__Work instructions__
Print each record below precisely, with every picture left out of the copy.

Records supplied START

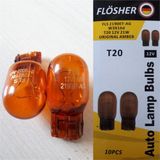 Super Light 12V Tek Duy (93 Tipi) Sarı 21W Dipsiz Orjinal Amber Cam (T20) Ampul (2 Ad )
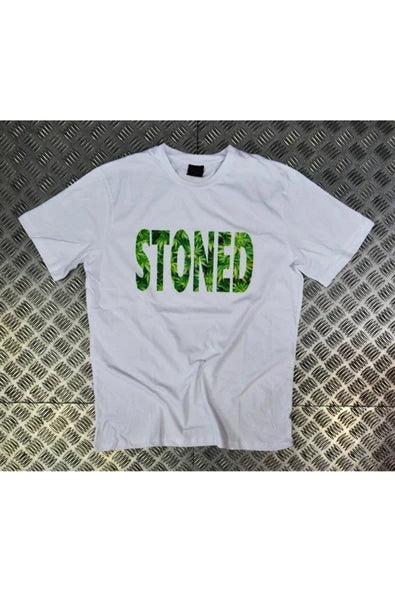 fame-stoned  Stoned Baskılı T-shirt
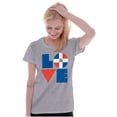 thumbnail image 3 of Domical Republic Flag DR Pride Love Womens Fitted Plus Size Graphic Tee Brisco Brands 2X, 3 of 5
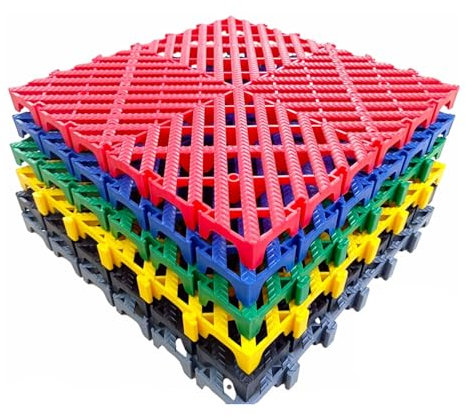 Piastrelle Modulari A Griglia Ad Incastro, Tappetini Di Drenaggio For Garage Fai-da-te, Adatti For Piscina, Doccia, Spogliatoi, Sauna, Terrazza, Patio, Garage, Tappetini For Aree Umide(Red,40x40x2CM-3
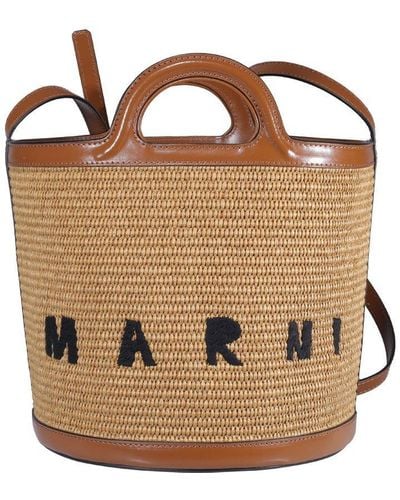 Marni Logo Embroidered Bucket Bag - Black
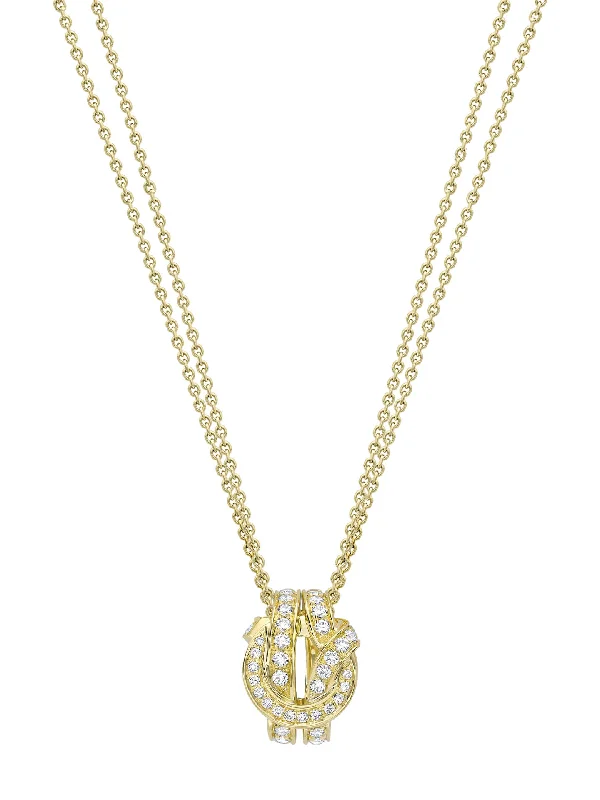 Personalized necklaces for women-The Knot Yellow Gold Diamond Pendant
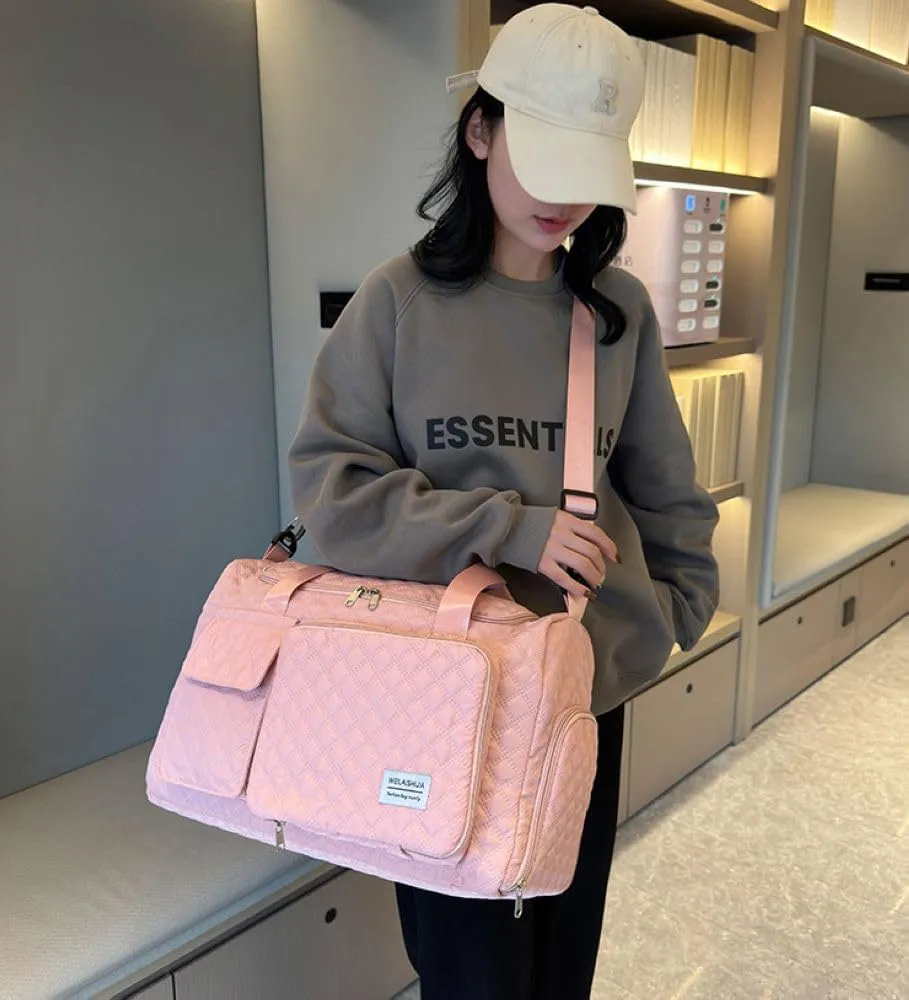 Gym Bag for Women,Sports Travel Duffel Bag, Weekender Overnight Bag with Wet Pocket and Shoes Compartment for Women, Travel,Workout,Gym, Yoga 707 (Pink)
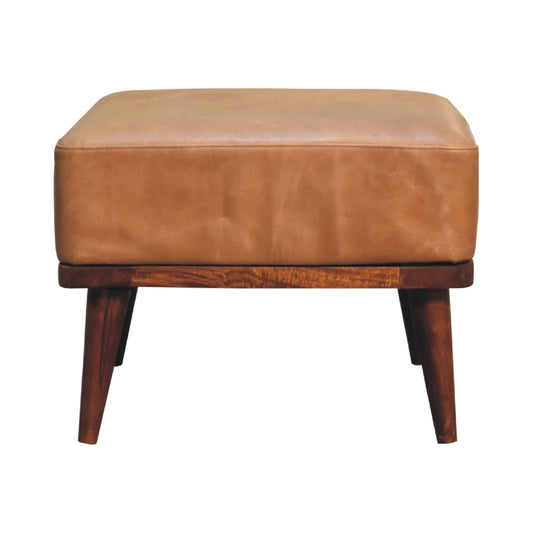 Tan Buffalo Leather Tan Footstool-0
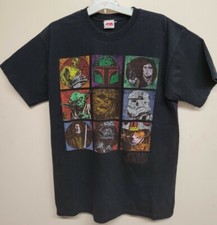 Rare Vintage Star Wars T-Shirt 12 Characters Sz-Med Lucas Film Ltd
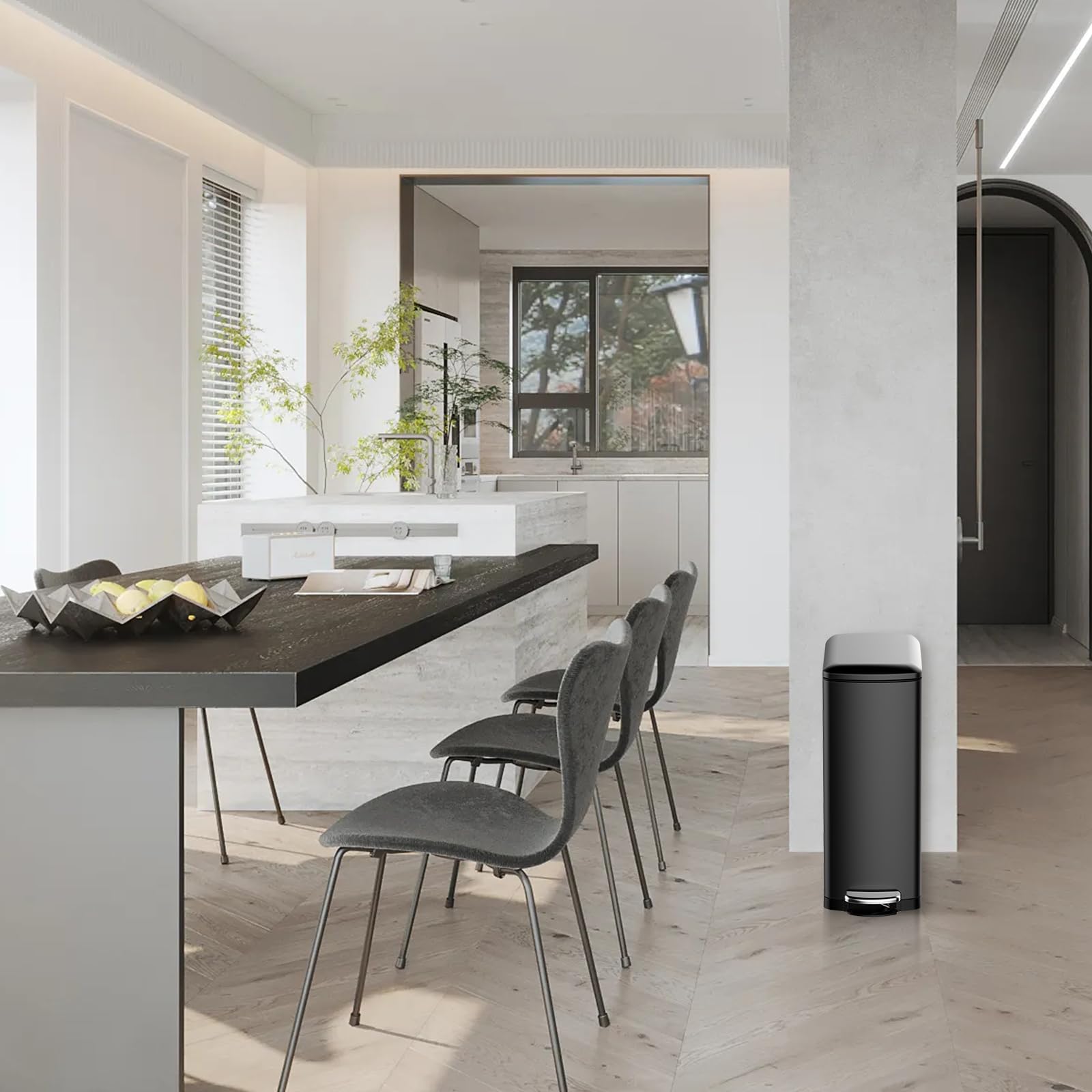 8 Gallon Kitchen Trash Can, Step-On Stainless Steel Slim Garbage Bin with Soft-Close Lid and Inner Wastebasket for Narrow Spaces in Office, Bathroom, Kitchen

Records supplied END

__Exercise output__
 Super Light 12V Tek Duy (93 Tipi) Sarı 21W Dipsiz Orjinal Amber Cam (T20) Ampul (2 Ad )
 fame-stoned  Stoned Baskılı T-shirt
 thumbnail image 3 of Domical Republic Flag DR Pride Love Womens Fitted Plus Size Graphic Tee Brisco Brands 2X, 3 of 5
 Piastrelle Modulari A Griglia Ad Incastro, Tappetini Di Drenaggio For Garage Fai-da-te, Adatti For Piscina, Doccia, Spogliatoi, Sauna, Terrazza, Patio, Garage, Tappetini For Aree Umide(Red,40x40x2CM-3
 Marni Logo Embroidered Bucket Bag - Black
 Personalized necklaces for women-The Knot Yellow Gold Diamond Pendant
 Gym Bag for Women,Sports Travel Duffel Bag, Weekender Overnight Bag with Wet Pocket and Shoes Compartment for Women, Travel,Workout,Gym, Yoga 707 (Pink)
 Tan Buffalo Leather Tan Footstool-0
 Rare Vintage Star Wars T-Shirt 12 Characters Sz-Med Lucas Film Ltd
 8 Gallon Kitchen Trash Can, Step-On Stainless Steel Slim Garbage Bin with Soft-Close Lid and Inner Wastebasket for Narrow Spaces in Office, Bathroom, Kitchen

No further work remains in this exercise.